Find the line containing "Deluxe Ensuite - Image 1" in the entries; transcribe it and all remaining lines through the end, exactly as they appear, but not the pictures.

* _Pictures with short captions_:
= = = =

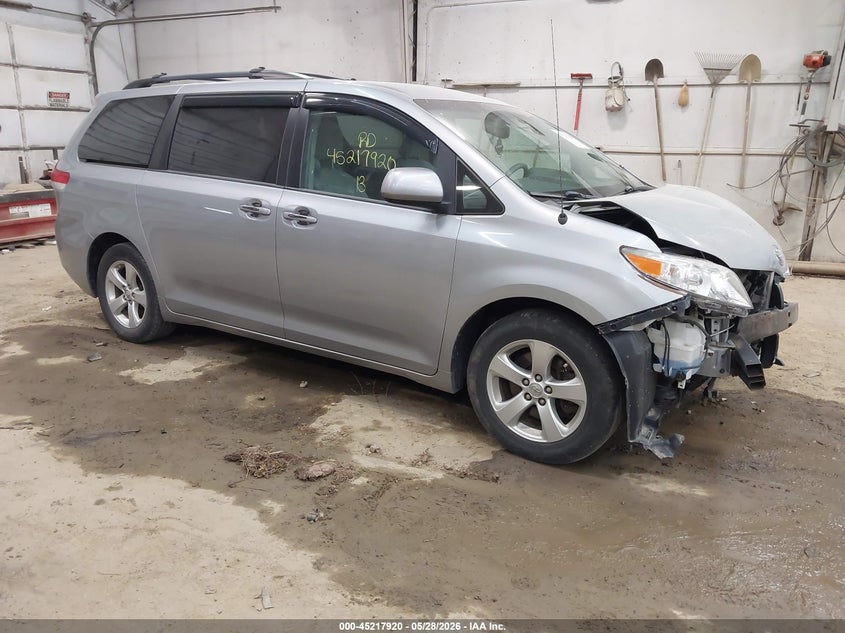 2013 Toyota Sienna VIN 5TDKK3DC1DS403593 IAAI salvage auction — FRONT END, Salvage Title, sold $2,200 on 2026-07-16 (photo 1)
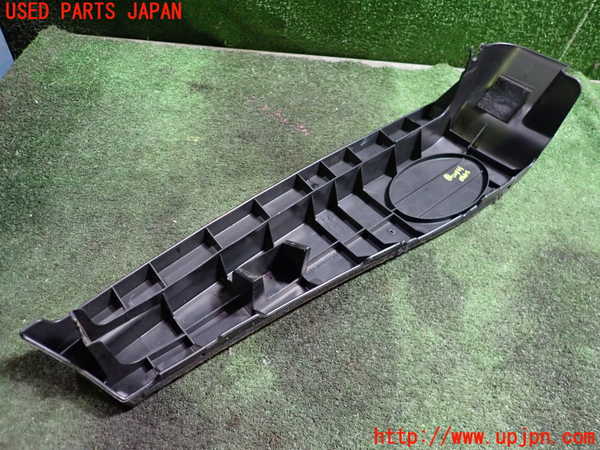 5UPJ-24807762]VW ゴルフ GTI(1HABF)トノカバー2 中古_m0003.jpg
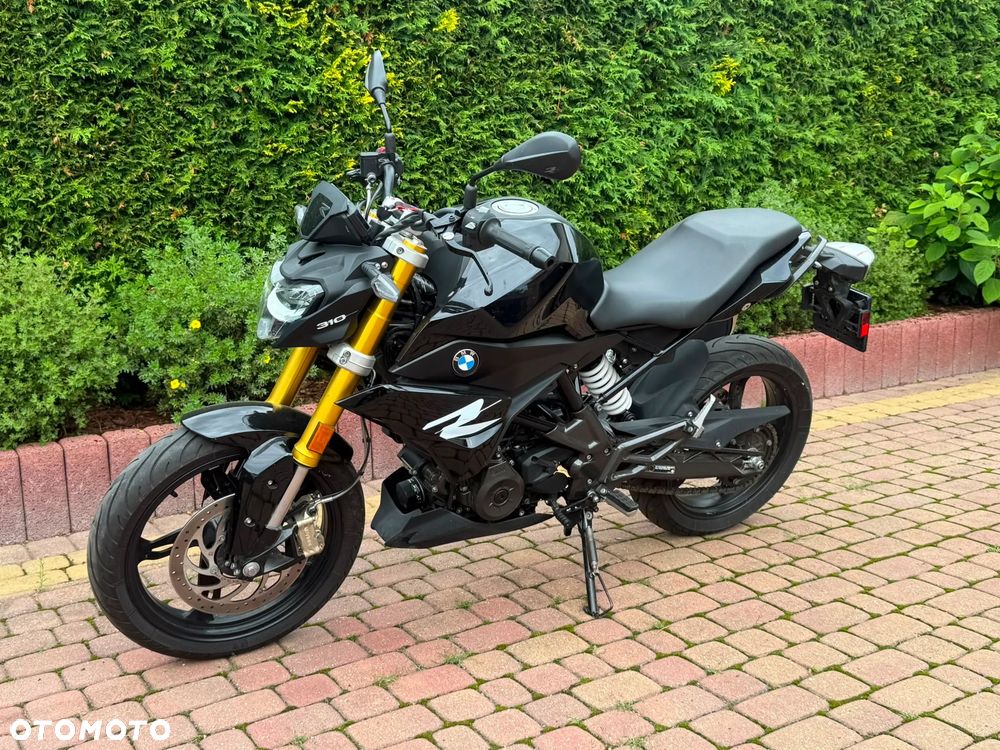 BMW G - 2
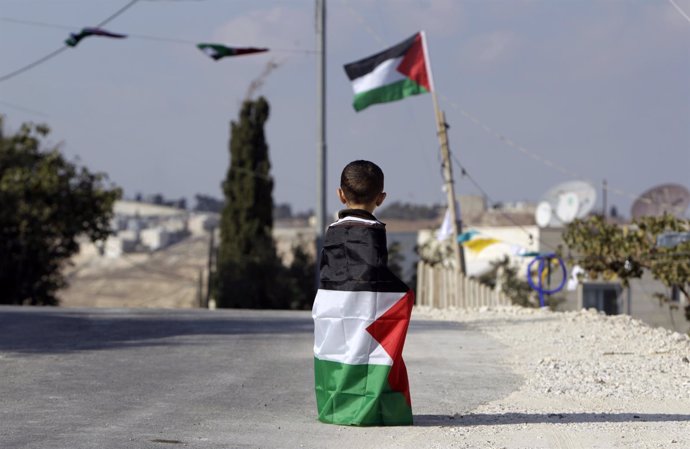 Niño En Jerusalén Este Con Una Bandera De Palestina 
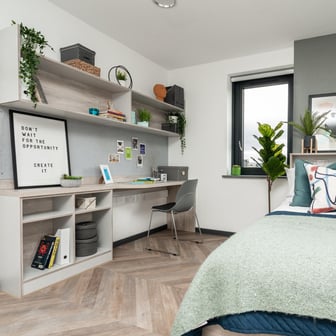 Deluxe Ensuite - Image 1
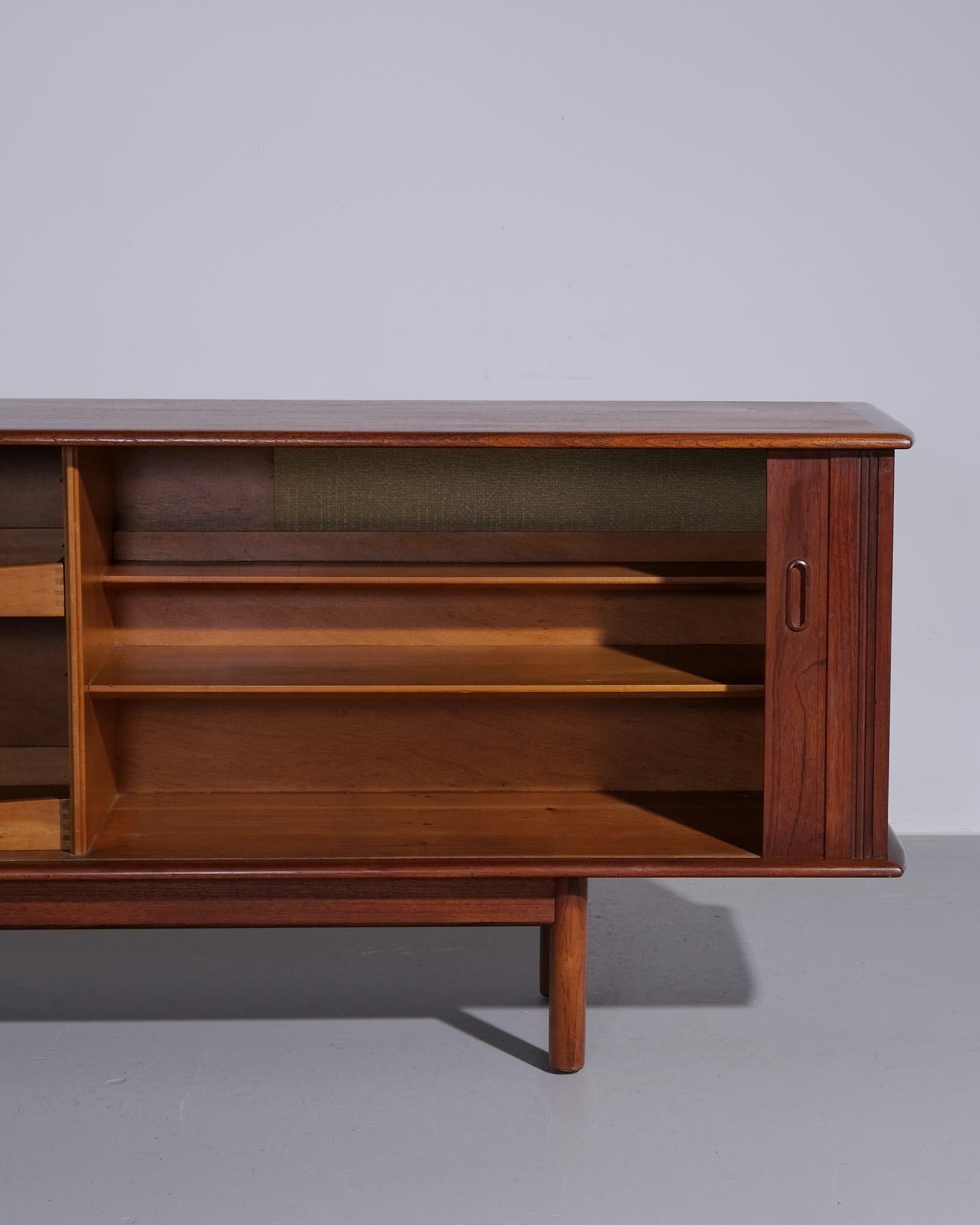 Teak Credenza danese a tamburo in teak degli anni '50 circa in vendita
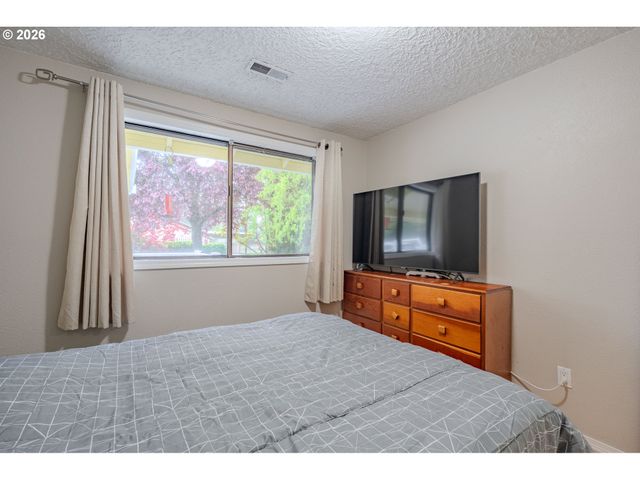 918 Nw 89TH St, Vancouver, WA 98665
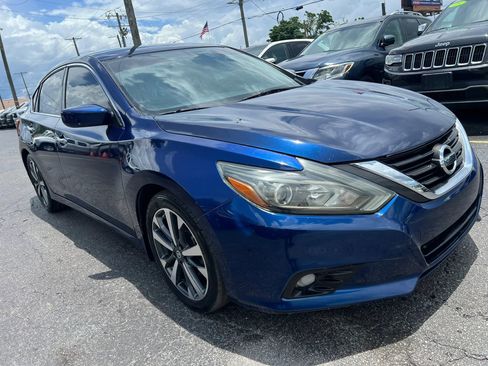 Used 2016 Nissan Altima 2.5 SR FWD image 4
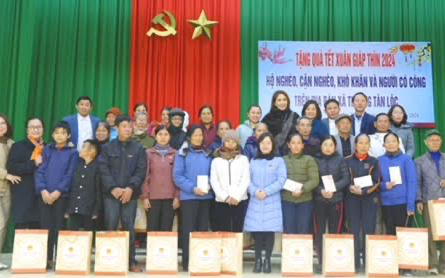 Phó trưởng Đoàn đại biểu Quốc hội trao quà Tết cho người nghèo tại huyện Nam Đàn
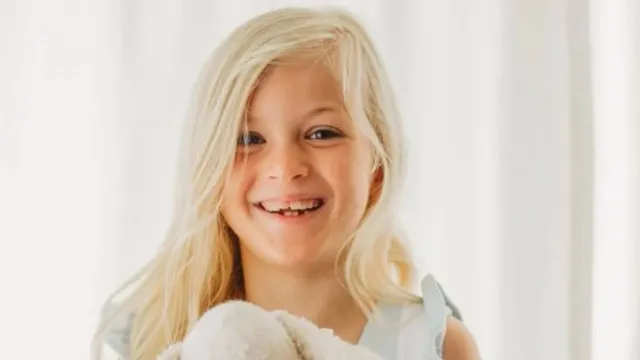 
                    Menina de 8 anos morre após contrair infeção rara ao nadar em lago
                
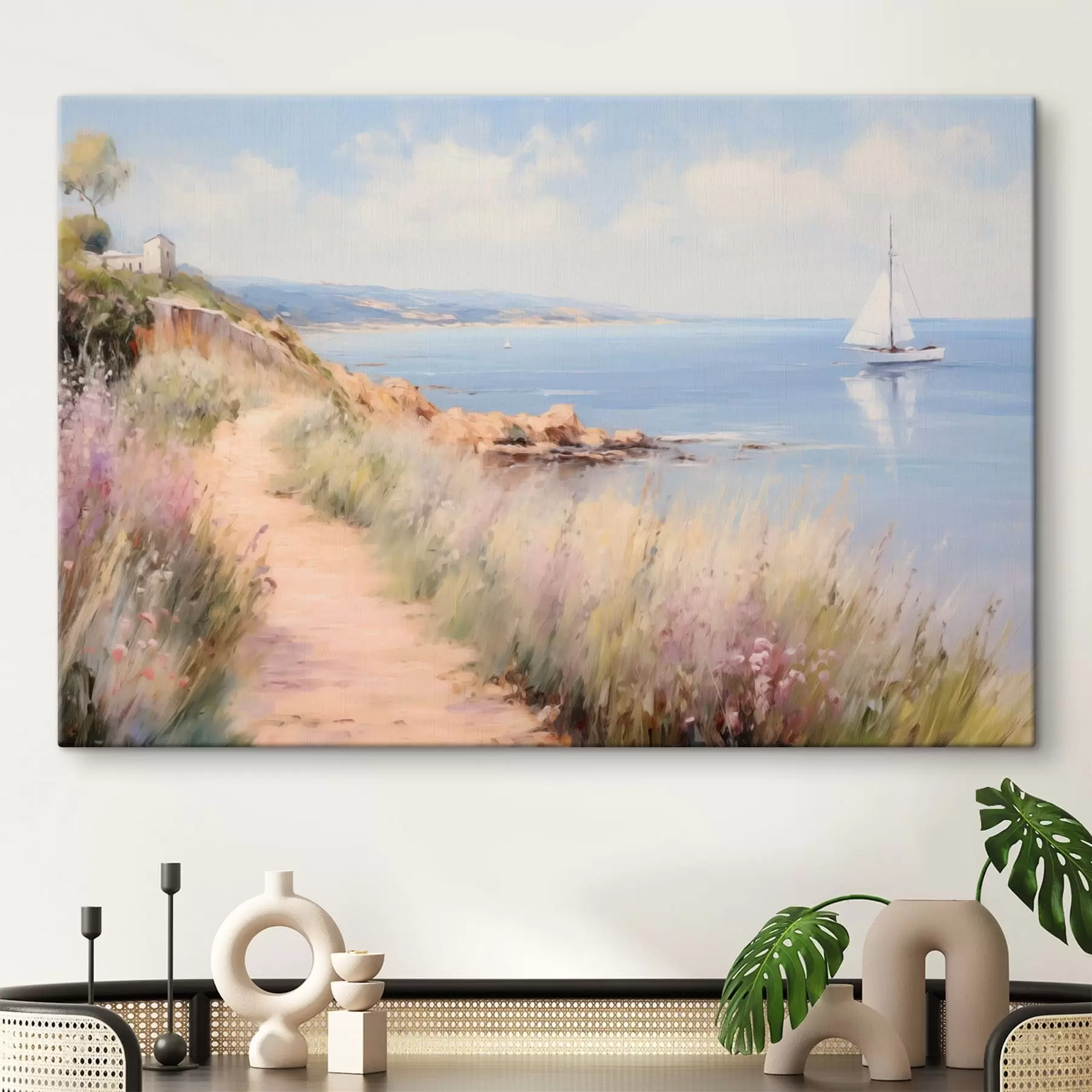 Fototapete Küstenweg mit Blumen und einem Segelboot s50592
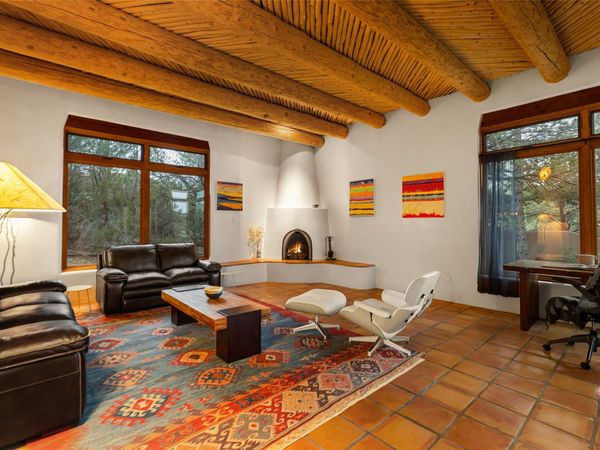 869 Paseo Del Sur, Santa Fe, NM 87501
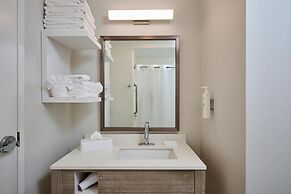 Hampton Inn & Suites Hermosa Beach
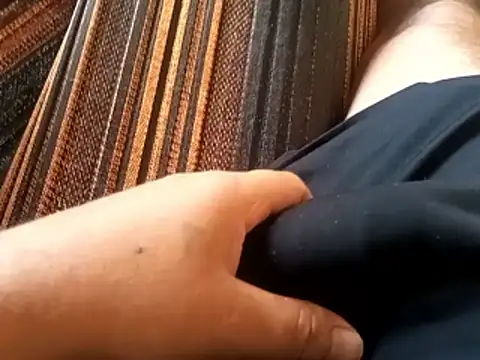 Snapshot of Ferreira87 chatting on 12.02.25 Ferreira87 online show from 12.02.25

= = = =

* _ANSWER BOX_:
 Deluxe Ensuite - Image 1
 Teak Credenza danese a tamburo in teak degli anni '50 circa in vendita
 918 Nw 89TH St, Vancouver, WA 98665
 Used 2016 Nissan Altima 2.5 SR FWD image 4
 Phó trưởng Đoàn đại biểu Quốc hội trao quà Tết cho người nghèo tại huyện Nam Đàn
                    Menina de 8 anos morre após contrair infeção rara ao nadar em lago
                
 Fototapete Küstenweg mit Blumen und einem Segelboot s50592
 869 Paseo Del Sur, Santa Fe, NM 87501
 Hampton Inn & Suites Hermosa Beach
 Snapshot of Ferreira87 chatting on 12.02.25 Ferreira87 online show from 12.02.25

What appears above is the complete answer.